• [Problem]: Once you find the line with "Multicolour Half Buttons" in the entries below, print it and each line after it up to and including the line with "Image 4 : BLUE", exactly, without pictures.

• [Input data]:
_ _ _ _ _

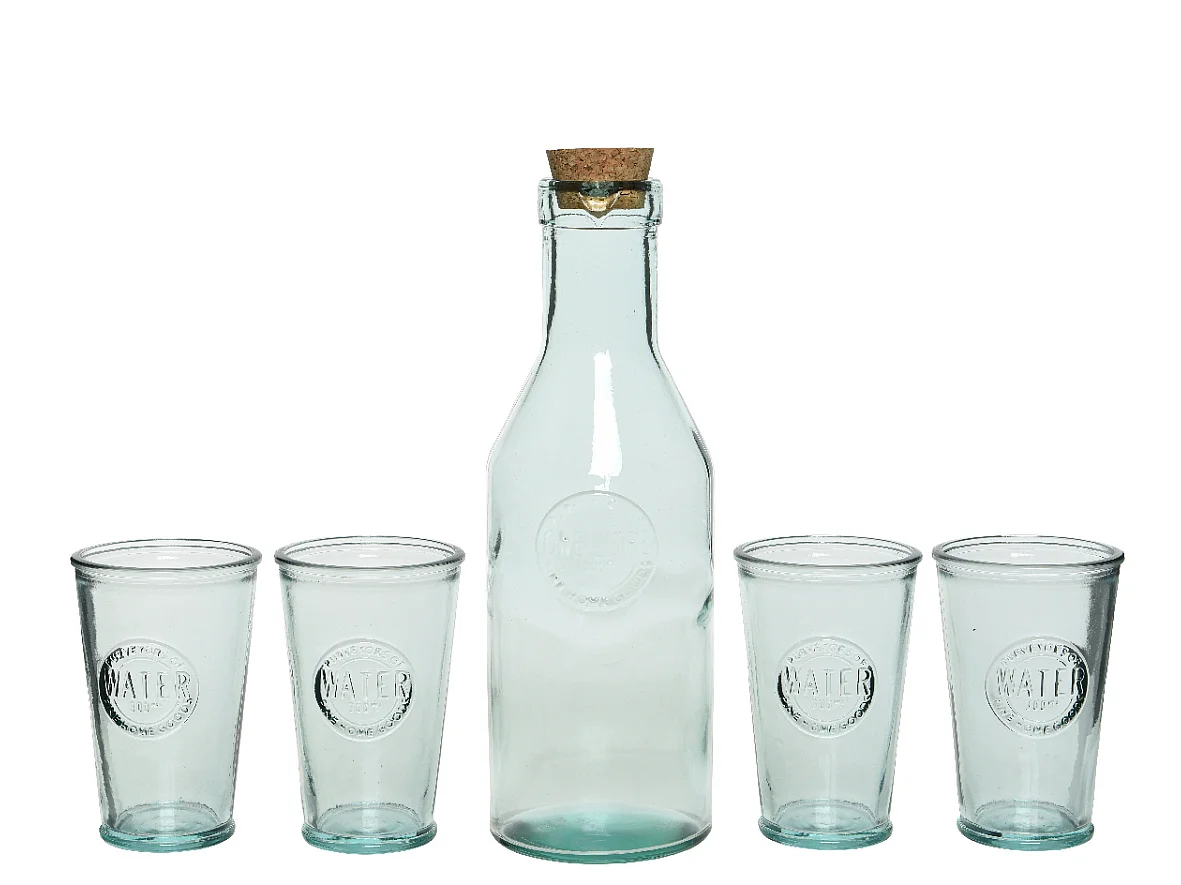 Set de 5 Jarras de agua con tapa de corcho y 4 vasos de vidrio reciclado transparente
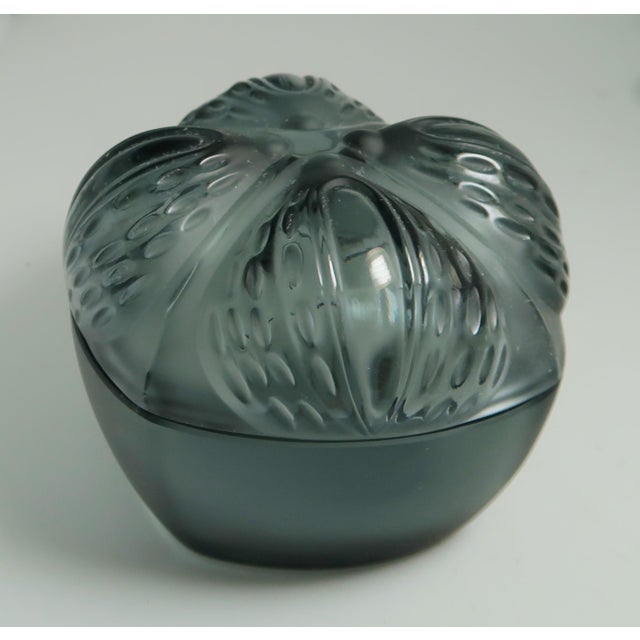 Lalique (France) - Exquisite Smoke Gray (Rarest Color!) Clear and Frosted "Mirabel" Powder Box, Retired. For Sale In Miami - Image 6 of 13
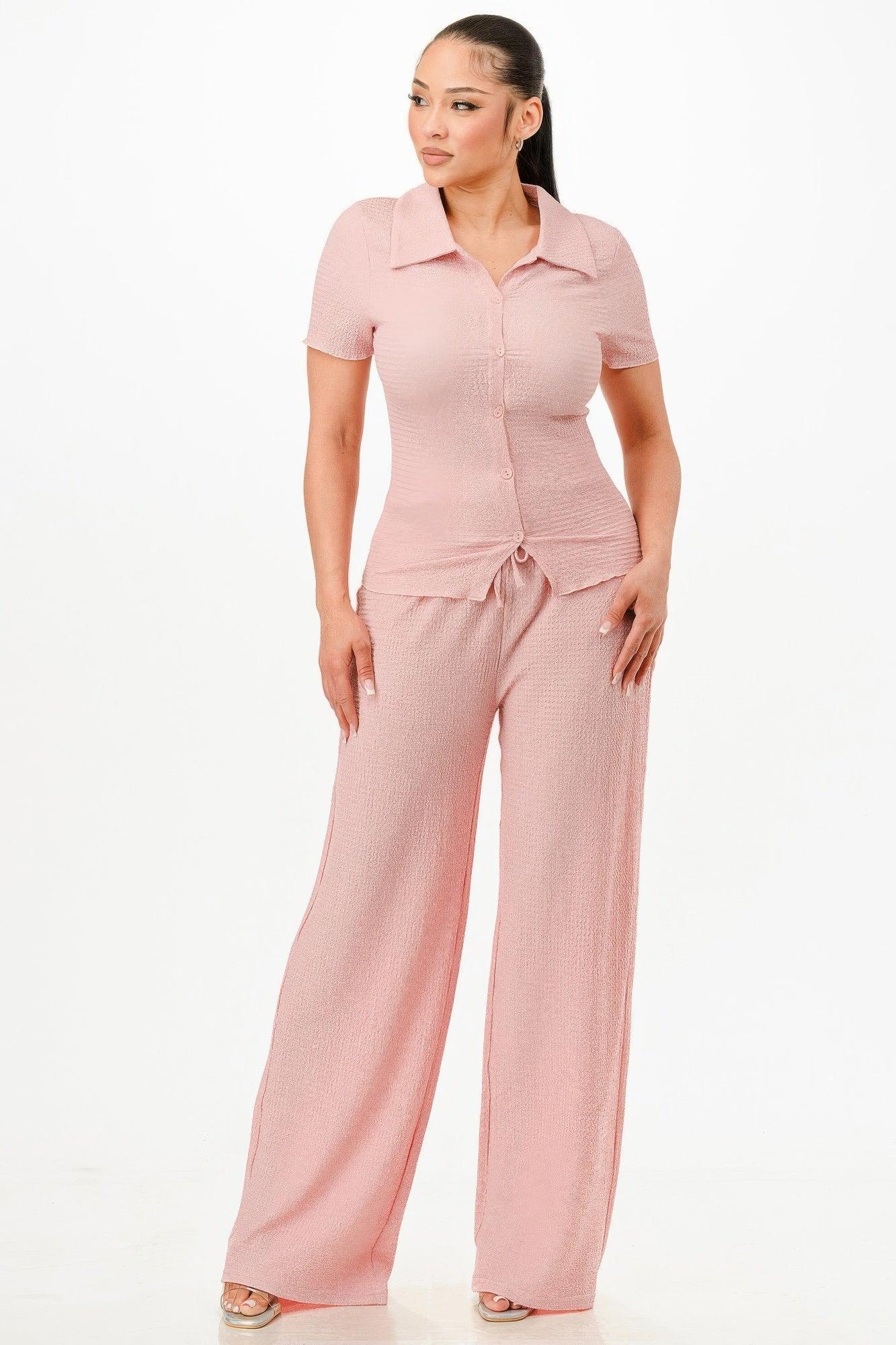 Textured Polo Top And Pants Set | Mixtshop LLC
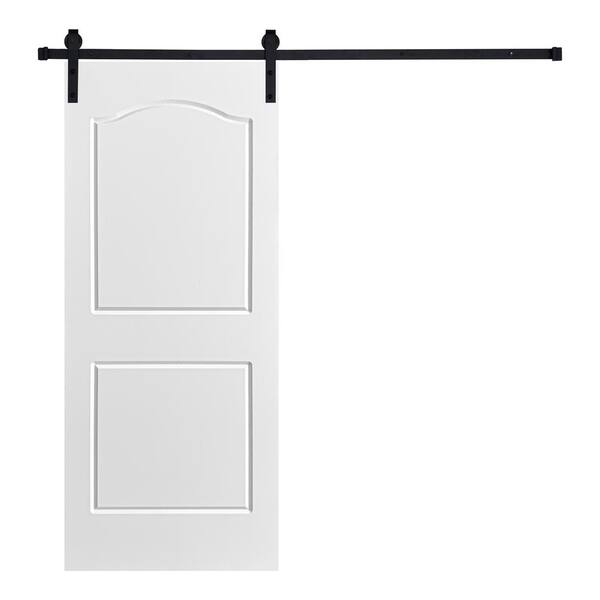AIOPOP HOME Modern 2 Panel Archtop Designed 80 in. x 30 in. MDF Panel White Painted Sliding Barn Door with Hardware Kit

_ _ _ _ _

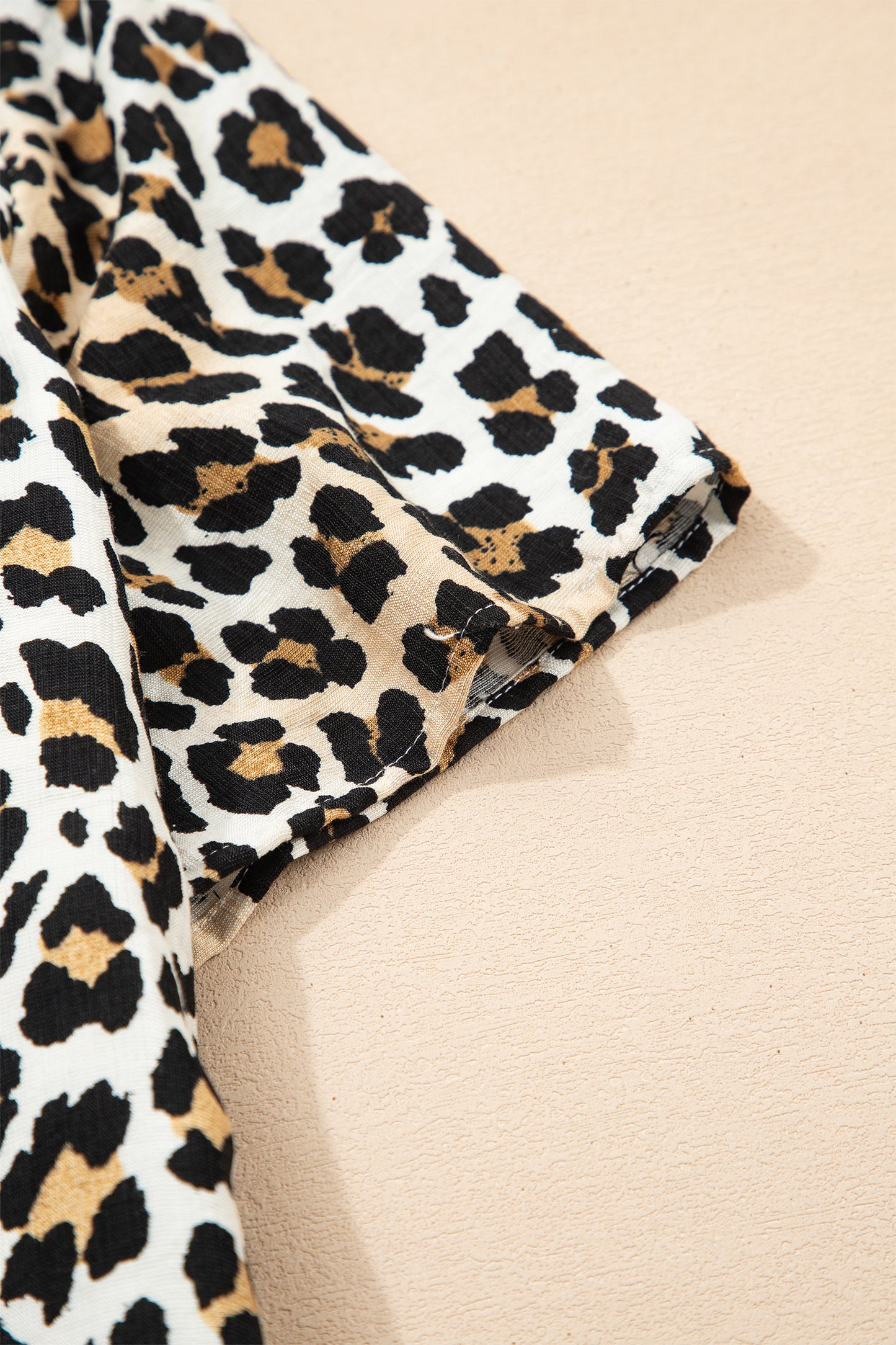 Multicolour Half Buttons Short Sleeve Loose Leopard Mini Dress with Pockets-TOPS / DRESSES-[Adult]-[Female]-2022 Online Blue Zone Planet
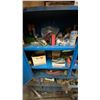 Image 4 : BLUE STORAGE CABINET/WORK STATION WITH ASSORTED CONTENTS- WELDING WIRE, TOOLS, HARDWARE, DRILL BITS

_ _ _ _ _

• [Your solution]:
 Multicolour Half Buttons Short Sleeve Loose Leopard Mini Dress with Pockets-TOPS / DRESSES-[Adult]-[Female]-2022 Online Blue Zone Planet
 Image 4 : BLUE STORAGE CABINET/WORK STATION WITH ASSORTED CONTENTS- WELDING WIRE, TOOLS, HARDWARE, DRILL BITS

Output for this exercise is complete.